It opens with Charles Vincent waking up and discovering that time has nearly stopped for him. At first this is a source of puzzlement, then concern. But he does get caught up at work! Later he uses his advantage to pull silly tricks like undoing women's clothes (reminding me of Nicholson Baker's novel The Fermata). Eventually he learns a modicum of control over his power, and is approached by a shady man who seems to have much greater abilities in this area, and who talks of a link to extradigitalism (Vincent has a partial extra thumb). The end of the story is strong and mysterious, with references to the "smell of the pit", and a chance at much greater power -- but at what cost? And, of course, an eventual inevitable ending. Quite a fine piece of work.

Galaxy, April 1961

“All the People” is a very early Lafferty story. The voice is familiar, if not fully developed. The story is pretty good, if a bit more traditional than usual for Lafferty. It's about a person cruelly called “Tony the Tin Man”, he thinks because his father was a junk dealer. But in reality he's a “restricted person”, a cyborg attached to a computer, able to sense the feelings of all the people in the world, and so to detect if any are unexpected – perhaps invading aliens. And how would a “restricted person” react to an invasion?

Galaxy, August 1961

"Aloys" is a shortish Lafferty piece, decent and fairly characteristic work. The hero is a spectacular scientist, but na├»ve and poor and obscure, and when he is given an award he is subverted by a typically Laffertian secret society. It's best for its portrayal of Aloys himself. 

The Reefs of Earth

(Cover by Richard Powers)
The Reefs of Earth is an early R. A. Lafferty novel.  This is the first Lafferty I've read since reading Flann O'Brian, and I was struck by a certain resemblance.  I don't know if this is just some value of common Irish storytelling tradition, or if there is some direct influence.  This story tells of an extended family of alien "Pucas", marooned on the "Reefs of Earth", and how the children plot to avenge their parents.  Madly readable, but it doesn't really come off.  For one thing, almost all the characters are really quite unpleasant (by design, for sure).  And the cockeyed narrative logic, interesting by fits and starts, is just annoying on occasion.



Fourth Mansions

(Cover by Leo and Diane Dillon)
For all I'm reading lots of 1999 books, I'm trying not to neglect the past.

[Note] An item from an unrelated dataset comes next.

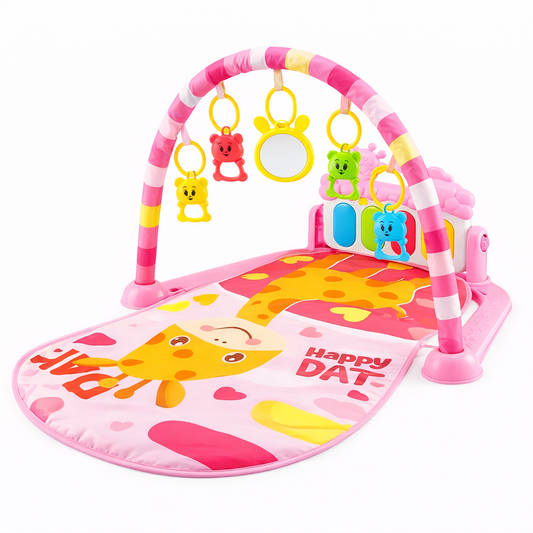 Tapis d’éveil bébé avec arche, jouets suspendus et miroir – motif girafe, fond rose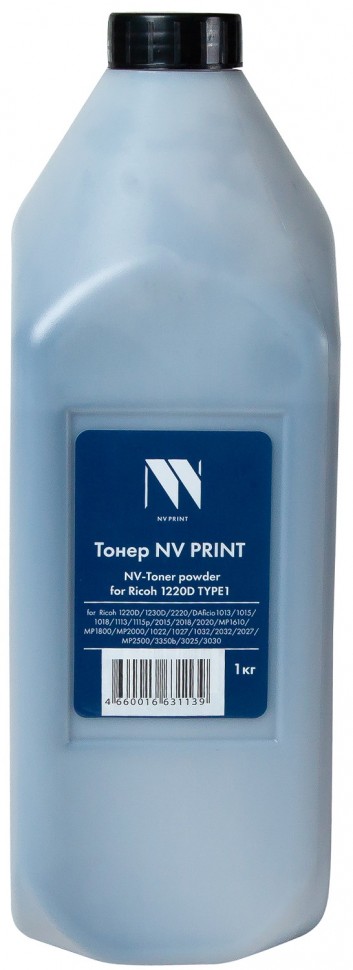 Тонер NV Print Type1 бутыль 1 кг черный совместимый для Ricoh 1220D1230D2220D Aficio 10131015101811131115p201520182020 MP161018002000 10221027103220322027 MP2500 3350b30253030 NV-Ricoh1220-TYPE1-1KG 1925₽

I'd never read R. A. Lafferty's Fourth Mansions before, one of his best known novels.  It's a wild book, which shouldn't surprise anyone who has read Lafferty.  It's about a young newspaperman who stumbles on a multi-faceted plot to rule the world, involving "people" who live for many centuries, occasionally emerging to foil the hopes of normal humans, and another group of people who have learned how to psychically merge into a new sort of being, but who don't know how to use this power for good, and further people like the "patricks", who are vaguely supposed to be on the good side, I think. The newspaperman is pursued and hounded by several of these forces, and put in the madhouse, and so on.  Another young man gains certain powers and tries to overturn civilization for apparently good reasons.  It's all unstructured as heck, and sometimes boring, but sometimes weirdly fascinating, very original, quite ambitious in theme; and in the end just barely a success on its unique terms.  

New Dimensions II

“Eurema’s Dam” is in the “tall tale” dimension. Eurema is a Greek word that means, roughly, “invention”, so the title means, “mother of invention”, and the theme is, more or less, “stupidity is the mother of invention”. The hero is Albert, “the last of the dolts”. Because he isn’t smart enough to do anything himself, he keeps inventing machines to do things for him. Of course, it turns out that those machines are useful for lots of other people as well. So Albert gets rich. But he doesn’t really care about that. And what really ends up bothering him is that the machines he creates think he’s a dolt, too, and when they take over … well, you see where it’s going. It’s a fun enough story, but it doesn’t have the true inspiration, the magic, that I find in his best stories.

Odyssey, Summer 1976

And Lafferty's story, "Love Affair with Ten Thousand Springs", is pretty characteristic of him, about a man who loves springs and their "pegeids" (analogous to naiads). They are all imperfect, and the pegeid at the center of this story turns out to be imperfect in a scary way. Plenty of linguistic invention and verve, but probably a bit too long, too rambling. Minor Lafferty, really.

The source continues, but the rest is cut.